Elle soutient que le manque d'études techniques, l'utilisation indiscriminée de filtres et l'accumulation de déchets dans les systèmes d'eaux pluviales sont des facteurs clés des inondations urbaines.
SAINT-DOMINGUE. L'ingénieur sanitaire Raymond Martínez a averti que les inondations qui touchent fréquemment les zones urbaines du pays sont dues au manque de solutions adéquates pour la gestion des eaux pluviales, à la mauvaise exécution des travaux et à l'accumulation de déchets dans les systèmes de drainage.
Ses déclarations ont été faites lors d'une visite technique des zones touchées par la tempête tropicale Melissa, qui a provoqué des inondations dans plusieurs régions du pays, dans la région du Grand Saint-Domingue.
Martínez a expliqué que de nombreuses villes ont été construites sans tenir compte du comportement naturel de l'eau. Il a souligné qu'en recouvrant le sol d'asphalte et de béton, le cycle hydrologique est perturbé, ce qui impose la conception de systèmes de canalisation et d'infiltration des eaux pluviales. « Lorsqu'on construit des villes, il faut prévoir des systèmes de drainage des eaux pluviales pour capter l'eau de pluie et la diriger vers la mer, la rivière ou le ravin », a-t-il déclaré.

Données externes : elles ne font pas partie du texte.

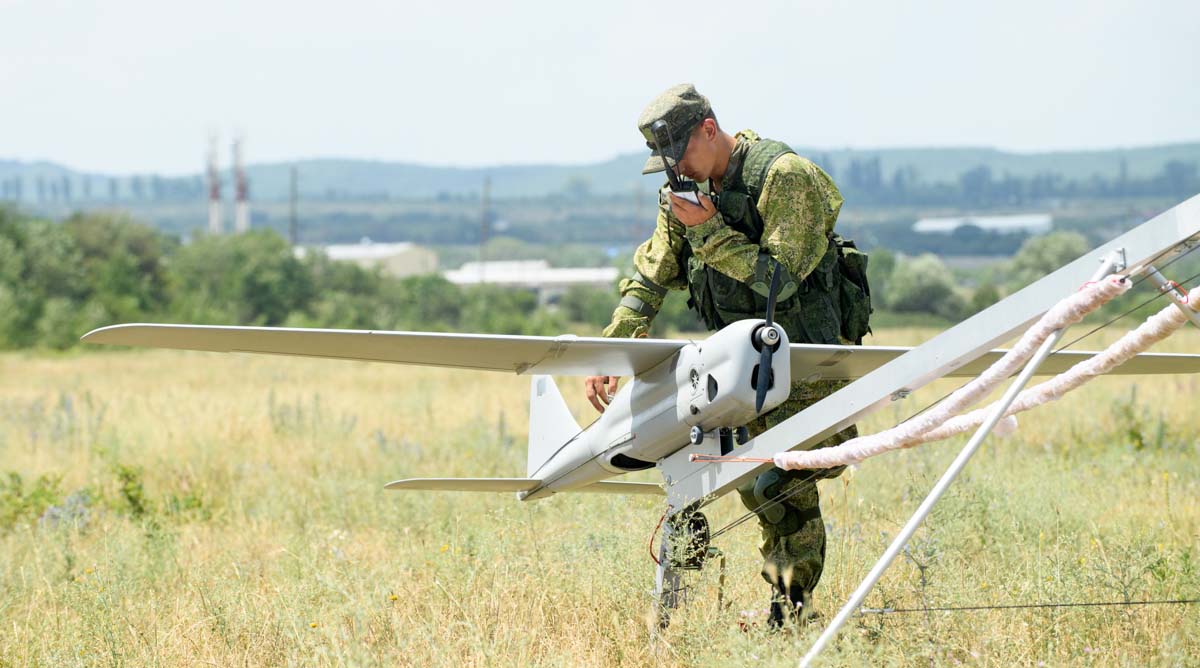Nieuw Rapport Blaast Theorie Over Russische Schaduwvloot En Drones Nieuw Leven In, Maar Hard Bewijs Ontbreekt | 1 Het International Institute For Strategic Studies (Iiss) Publiceerde Deze Week Een Rapport Waarin Wordt Gesteld Dat Rusland Gedurende Achttien Maanden Een Gecoördineerde Dronecampagne Heeft Uitgevoerd Boven Militaire Bases, Nucleaire Installaties En Kritieke Infrastructuur In Europa. Volgens Het Rapport Zouden Schepen Uit De Zogenoemde Russische Schaduwvloot Daarbij Hebben Gefungeerd Als Lanceerplatforms Voor Drones. In Totaal Worden 144 Drone-Incidenten In Dertien Europese Landen In Verband Gebracht Met Russische Inlichtingenactiviteiten. Het Rapport Kreeg Veel Aandacht In Internationale Media, Waaronder The Guardian En The Telegraph.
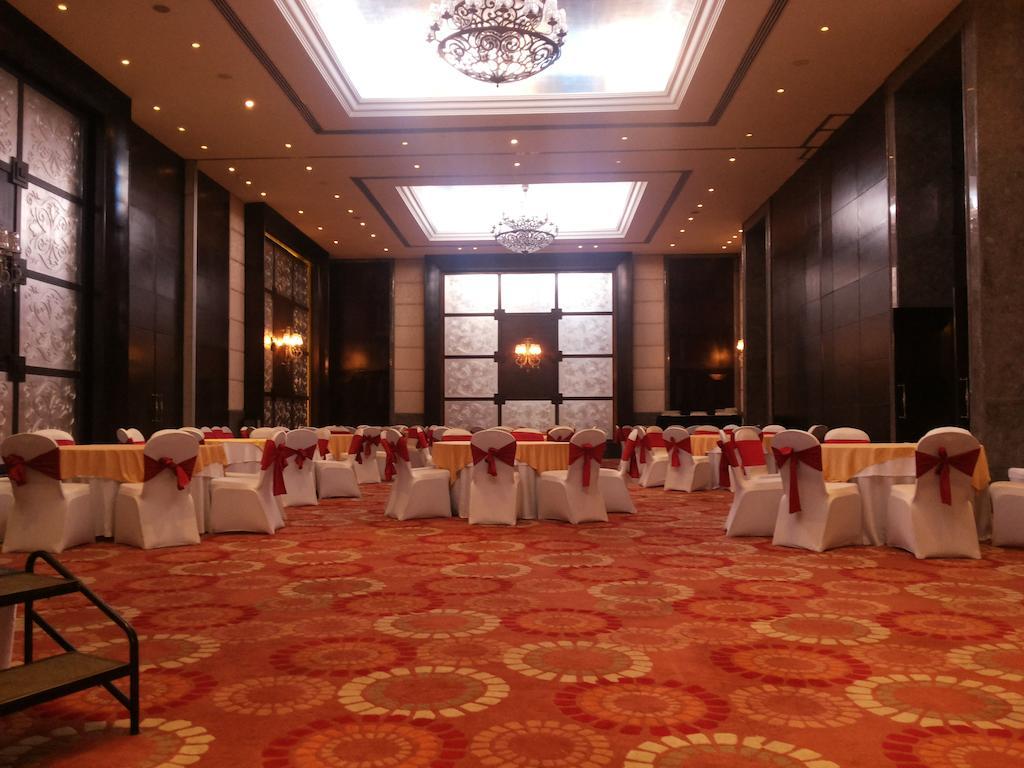 The Pllazio Hotel Gurgaon Extérieur photo
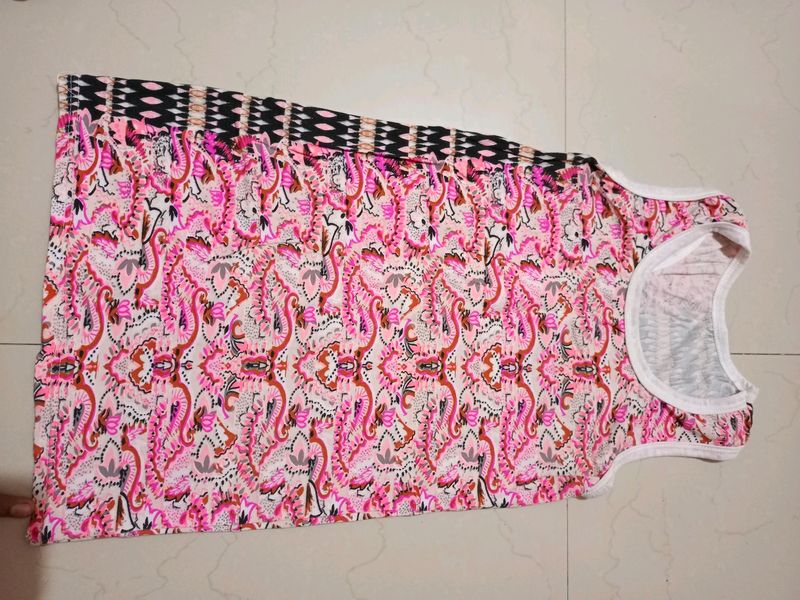 Neon Pink Sando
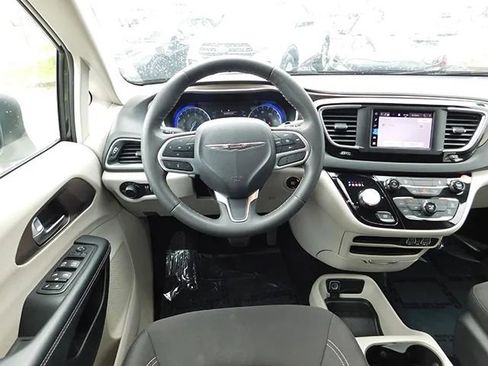 Used 2023 Chrysler Voyager LX FWD image 11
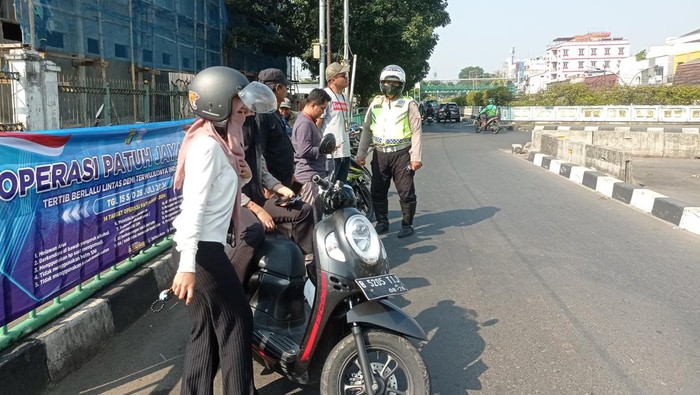 Operasi Patuh di Jaksel Jaring 25 Pelanggar, Helm Jadi Pelanggaran Utama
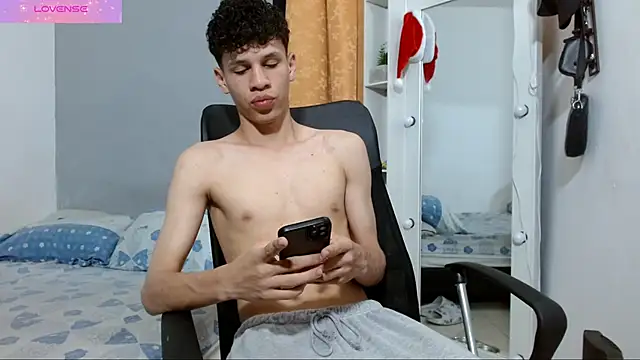 Snapshot of jeff_ross chatting on January 26, 2025, 9:29 pm jeff ross online show from January 26, 2025, 9:29 pm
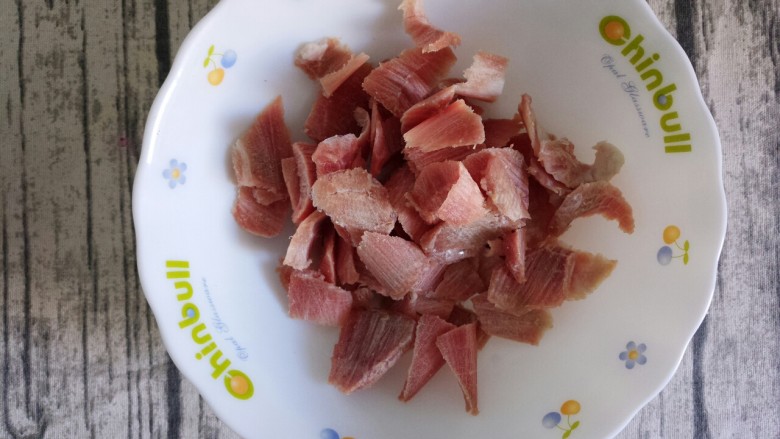 洋葱孜然炒牛肉,把牛肉设薄片,最好趁没化开时候切,比较好切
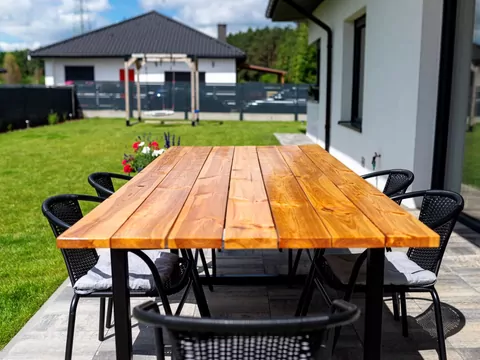 Stoły drewniane do domu i ogrodu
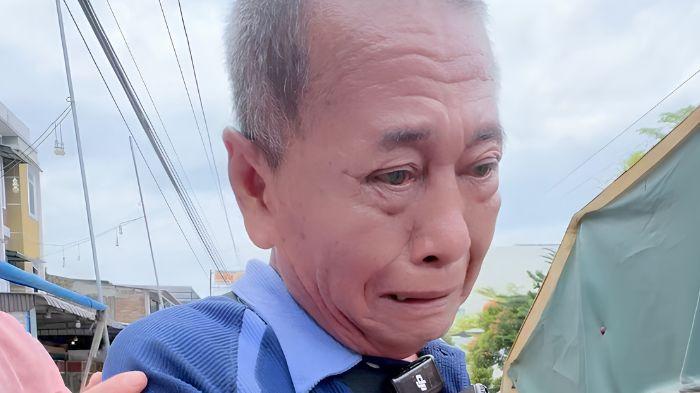 Keikhlasan dan Ketabahan Bapak Penarik Becak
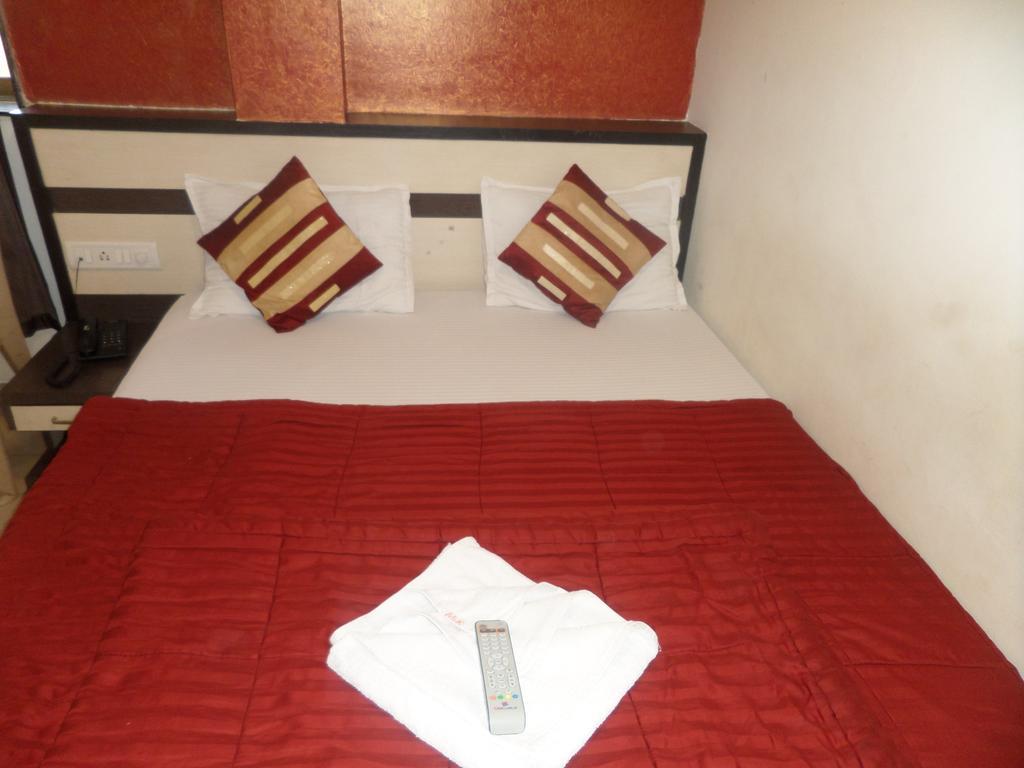 Hotel Minerva Residency Mumbai Kültér fotó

Utilisation incorrecte des filtres
L'expert a critiqué le recours généralisé aux systèmes de drainage sans études techniques préalables. Il a affirmé que de nombreuses municipalités construisent ces systèmes sans analyser la capacité d'infiltration du sol, ce qui entraîne leur effondrement rapide. « Un système de drainage ne peut pas être construit au hasard. Il nécessite une étude stratigraphique et un test de filtration », a-t-il averti.
Martínez a indiqué que cette pratique s'est étendue à des zones comme Naco et Piantini, où les systèmes de drainage sont incapables de gérer le volume d'eau qu'ils reçoivent. À l'inverse, des zones comme Punta Cana, où le sol permet une forte infiltration, présentent un drainage plus efficace lors des précipitations.
Déchets et manque d'entretien
Un autre facteur clé de la défaillance des systèmes de gestion des eaux pluviales est l'accumulation de déchets. Martínez a souligné que de nombreuses canalisations sont obstruées par des déchets solides, empêchant l'eau de s'écouler vers son lieu d'origine. « Les solutions existantes sont toutes saturées d'ordures et de débris », a-t-il déclaré.
L'ingénieur a rappelé que l'entretien des réseaux de drainage incombe aux municipalités. Il a recommandé d'effectuer un nettoyage préventif avant la saison des pluies et de renforcer les campagnes de sensibilisation du public afin d'éviter que les déchets ne se retrouvent dans les rues et les ravins.
Conception adaptée au climat local
Enfin, Martínez a souligné l'importance d'adapter les solutions de gestion des eaux pluviales aux régimes pluviométriques de chaque région. « Il ne pleut pas de la même façon à Bonao qu'à Saint-Domingue, ni même à Pedernales », a-t-il expliqué. Il a donc insisté sur la nécessité d'étudier chaque ville individuellement.
Le spécialiste a réaffirmé que la solution aux inondations urbaines ne repose pas sur des investissements massifs, mais plutôt sur l'application de critères techniques fondamentaux : comprendre le comportement de l'eau, adapter les systèmes à chaque zone et assurer leur entretien. « Si les précipitations sont étudiées, que le système est bien conçu et maintenu propre, il réagira », a-t-il expliqué.